Prying off all the Roofs in Leitrim at Once

A question for you to consider: if you could hover above County Leitrim and had the ability to pry the roofs off all the houses at once, well, what would be happening down there? If you have any ideas, please say so.

This notion isn't mine--it belongs to a photographer I met once at a party years ago in South Philadelphia. I remember his name: Donald Camera--I am not kidding. Anyhow, we were talking about the wonderful goings-on in that part of the world`: the impromptu sales off the backs of trucks, the guy who "ran numbers" (passed on illegal bets) by standing in his bathrobe on the street holding half a loaf of Italian bread and passing the loaf, a kind of relay baton/numbers hoagie, to a guy walking by. This sort of thing. Anyhow, it was Donald who said then that if you were to simultaneously pry off the roofs of all the houses in South Philadelphia, about 70 percent of what you'd see would be illegal.

28 January 2006

Poem Seven: The Street Dogs of Boyle

Poem seven("Things I Didn't Know I Loved") takes its structure from a poem, with the same title, written by Turkish poet Nazim Hikmet. It's a poem I've always admired and it talks about the way things sneak up on us and become somehow important. It isn't until we cast the light of our attention upon them that we even know they are there or that they mean anything to us.
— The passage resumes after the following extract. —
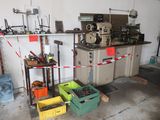 a room that has a bunch of tools on the shelves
I'll post the poem in its entirety in the next posting, but the first two lines of my poem are "I didn't know I loved the street dogs of Boyle/ every one, equal parts scruffed-up and old-souled."

One of the guys at Silverstone, the sign shop in Dublin where I make the staircase signs, read it and said, "We've all got problems Alice, and I think you need help!" Yes. But, the street dogs of Boyle are really something! Over the years as I've passed through the town, I've always noticed the high number of street-wise, scruffed up canines there: non-pedigree, super-mongrel, who pad the sidewalks slowly as if they owned the town. And maybe they do. I saw a Dalmatian in Carrick the other day. I have seen no Dalmations in Boyle.

In fact, I think someone could make a mint if they put together a high-production-values calendar, "The Street Dogs of Boyle" for the Irish-American tourist market. Sure thing. ("The Drunks of Drumshanbo" is another calendar concept, but more problematic.)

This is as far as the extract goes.